▶ **Task instructions**
Would you return the lines between the one holding "Adjustable aluminum solar" and the one holding "A man with blood-stained", inclusive, and only those, exactly as they stand in the listing below?

▶ **Provided material**
★ ★ ★ ★ ★

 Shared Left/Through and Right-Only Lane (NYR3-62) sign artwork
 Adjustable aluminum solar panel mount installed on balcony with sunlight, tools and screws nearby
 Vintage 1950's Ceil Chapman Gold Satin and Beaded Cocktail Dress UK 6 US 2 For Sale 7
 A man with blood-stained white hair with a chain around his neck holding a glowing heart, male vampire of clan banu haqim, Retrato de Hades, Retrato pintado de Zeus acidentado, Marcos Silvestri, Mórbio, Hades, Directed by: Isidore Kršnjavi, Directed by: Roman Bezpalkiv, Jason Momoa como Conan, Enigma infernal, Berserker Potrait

★ ★ ★ ★ ★

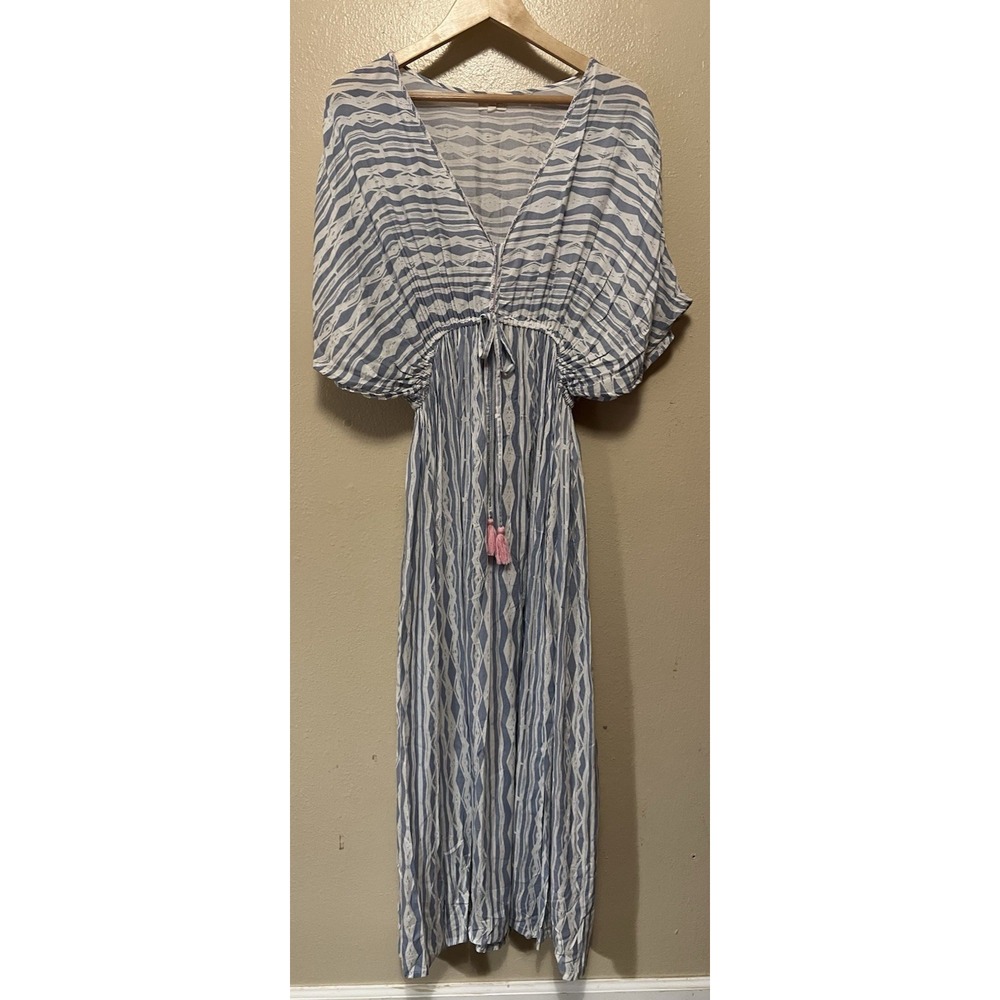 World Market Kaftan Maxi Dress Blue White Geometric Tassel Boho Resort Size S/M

★ ★ ★ ★ ★

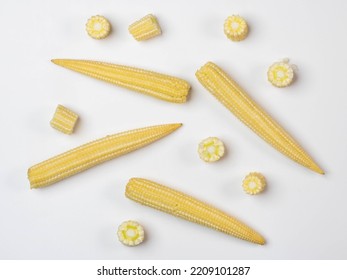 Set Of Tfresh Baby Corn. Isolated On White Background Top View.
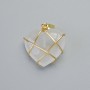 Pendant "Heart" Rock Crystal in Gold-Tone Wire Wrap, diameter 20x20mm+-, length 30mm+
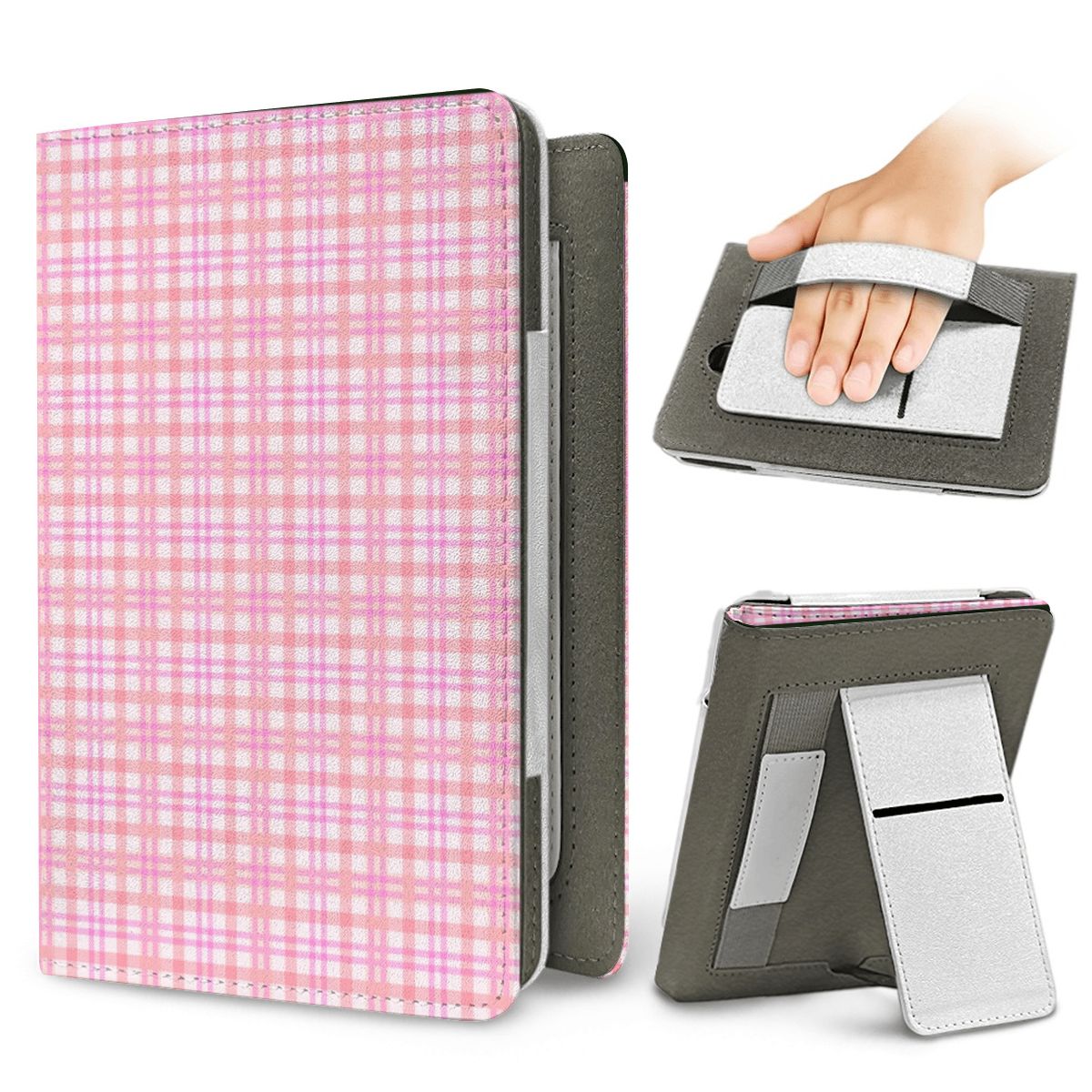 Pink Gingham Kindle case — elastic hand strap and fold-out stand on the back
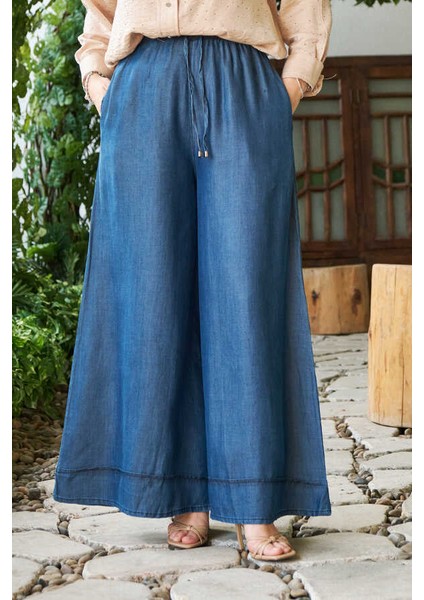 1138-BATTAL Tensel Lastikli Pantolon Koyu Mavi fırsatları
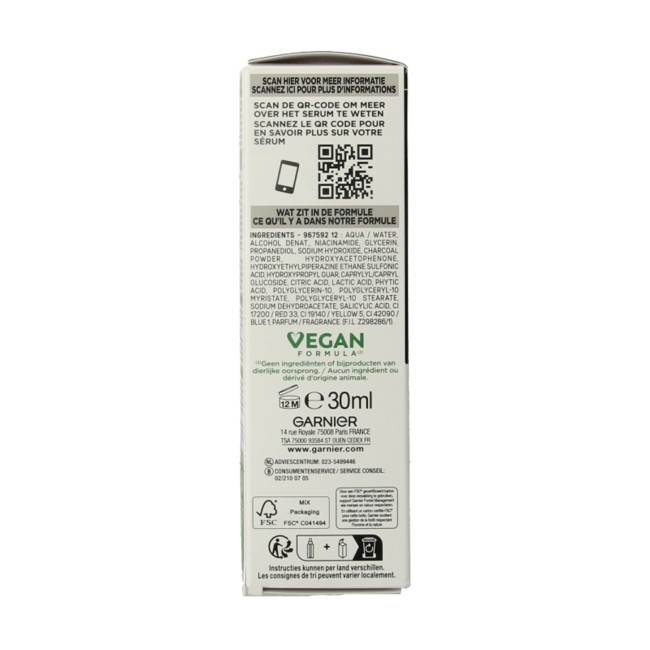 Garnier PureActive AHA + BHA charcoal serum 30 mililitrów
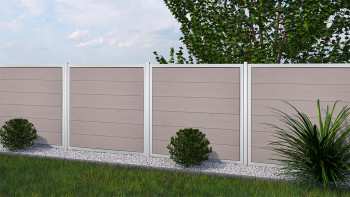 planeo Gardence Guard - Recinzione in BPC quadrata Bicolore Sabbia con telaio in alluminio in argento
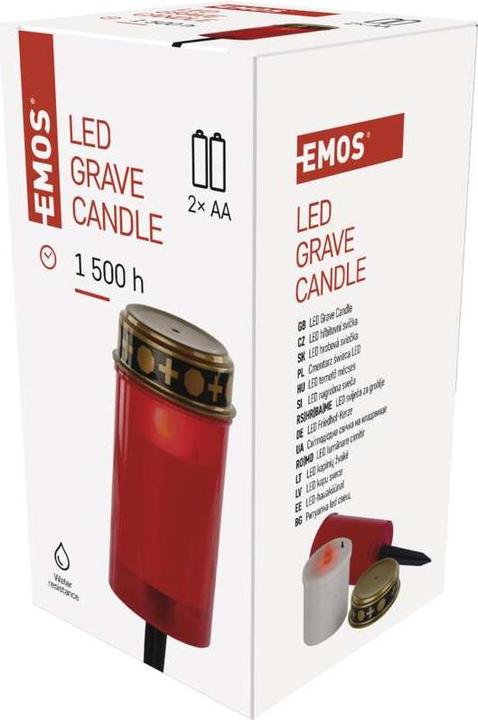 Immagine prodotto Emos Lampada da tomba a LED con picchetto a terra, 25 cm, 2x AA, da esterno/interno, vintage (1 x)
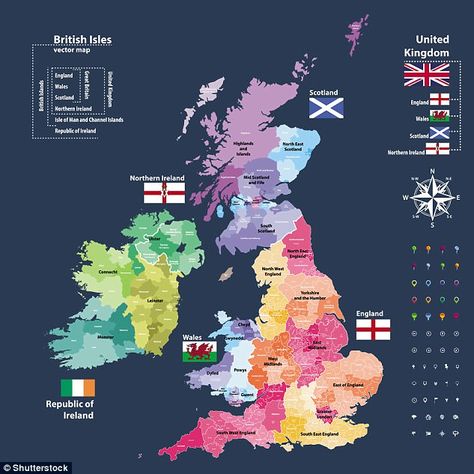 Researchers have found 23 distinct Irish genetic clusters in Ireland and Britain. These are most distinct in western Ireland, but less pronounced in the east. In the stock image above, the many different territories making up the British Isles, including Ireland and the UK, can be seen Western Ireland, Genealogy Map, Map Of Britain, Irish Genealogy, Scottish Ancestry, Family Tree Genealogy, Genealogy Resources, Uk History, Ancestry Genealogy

★ ★ ★ ★ ★

▶ **Result**
 Adjustable aluminum solar panel mount installed on balcony with sunlight, tools and screws nearby
 Vintage 1950's Ceil Chapman Gold Satin and Beaded Cocktail Dress UK 6 US 2 For Sale 7
 A man with blood-stained white hair with a chain around his neck holding a glowing heart, male vampire of clan banu haqim, Retrato de Hades, Retrato pintado de Zeus acidentado, Marcos Silvestri, Mórbio, Hades, Directed by: Isidore Kršnjavi, Directed by: Roman Bezpalkiv, Jason Momoa como Conan, Enigma infernal, Berserker Potrait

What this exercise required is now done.